Having not had the capability for a while for whatever reason, I had to try it out when I finally could.
The capability is iSight, a user-facing camera which is these days built into every laptop Apple makes. (And that's every one, including that poufy, flouncy little Macbook Air.) It can be used for other things, like the folks at Delicious Monster realized when they built their application Delicious Library.
The idea behind Delicious Library was to build a fairly intuitive iTunes-like interface for the cataloging of physical objects, like CDs, DVDs, books, and games. They even make it easy to get the information into your computer by letting you scan a barcode if you have a convenient camera handy (cough).

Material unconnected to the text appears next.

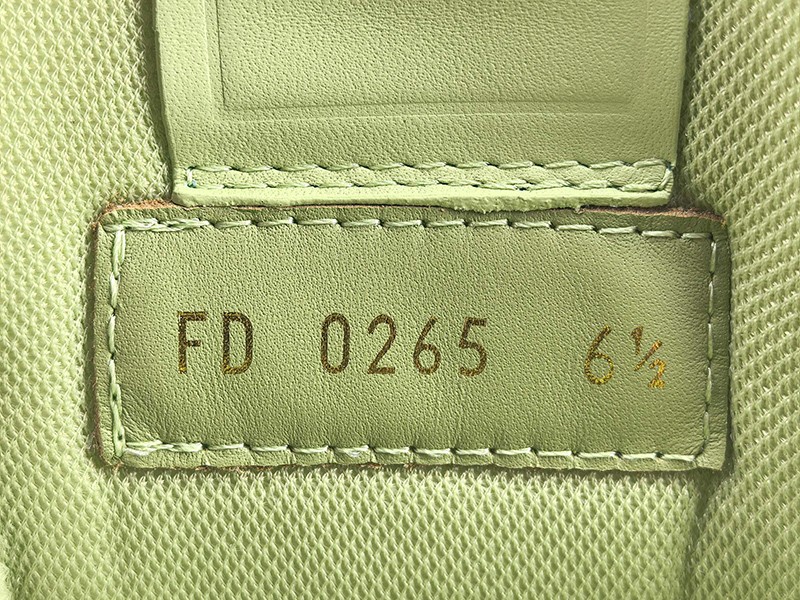 LV Trainer Sneaker 075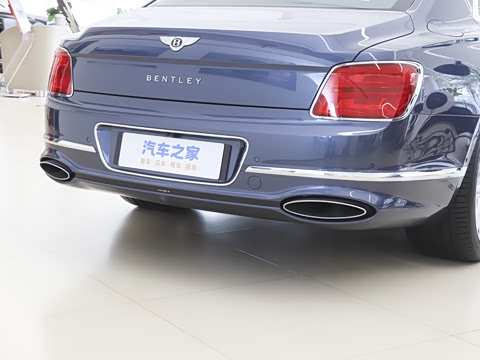 2026�� 4.0T V8 ��׼��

Then they go online and fetch all the particulars of the thing you scanned.
I wanted to try it. And the demo version allows you to scan up to 25 items. So hey, I could try it.

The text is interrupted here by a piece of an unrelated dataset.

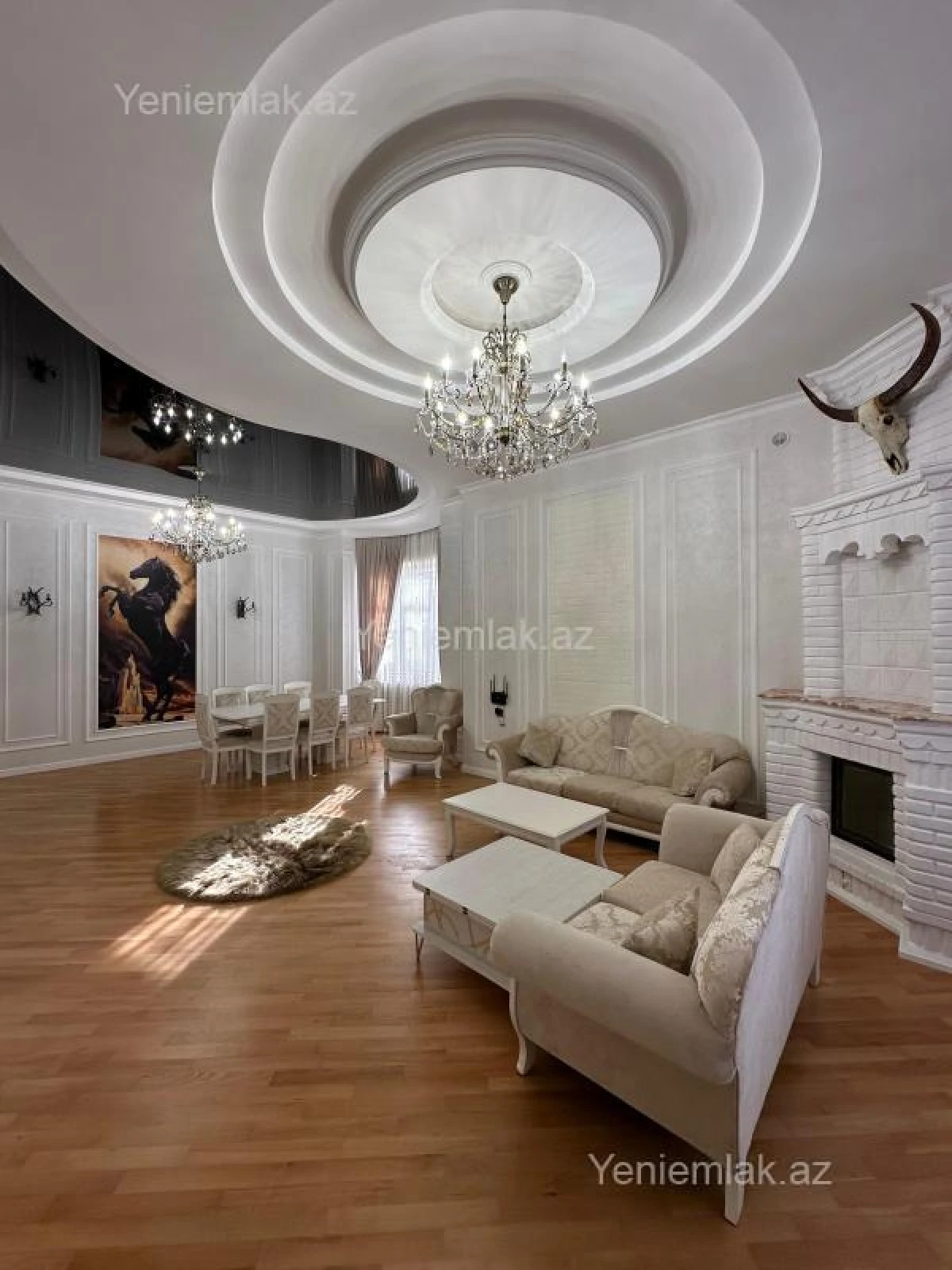 Satılır 12 otaqlı həyət evi 840 m²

The first books I held up to the camera (using the camera view window as a guide), it picked right up. As an extra delightful feature, it read the name with the built-in text-to-speech engine.

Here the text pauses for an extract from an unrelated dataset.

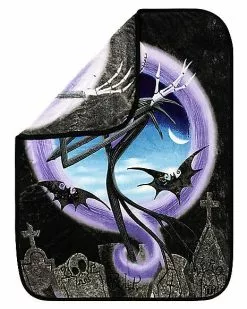 Graveyard Jack Skellington Fleece Blanket - The Nightmare Before Chris 5 Graveyard Jack Skellington Fleece Blanket - The Nightmare Before Chris -Halloween Store 01465129 b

The fifth, it searched for a few moments and then balked. It couldn't find a book corresponding to the UPC of the book I held up to it. A wonderful thing got cut ever-so-slightly low in my sight.
And frankly, I can't blame it for failing. The first four books I showed it were cookbooks, by noted authors and commercially available. The fifth was an incredibly obscure roleplaying game book that I had picked up two nights before, and just happened to have by my feet.
That incredible convenience of using a barcode scanner to read your library into your computer? Not so much so when you have two hundred or more books that it might not be able to read, neatly stacked on shelves in another room.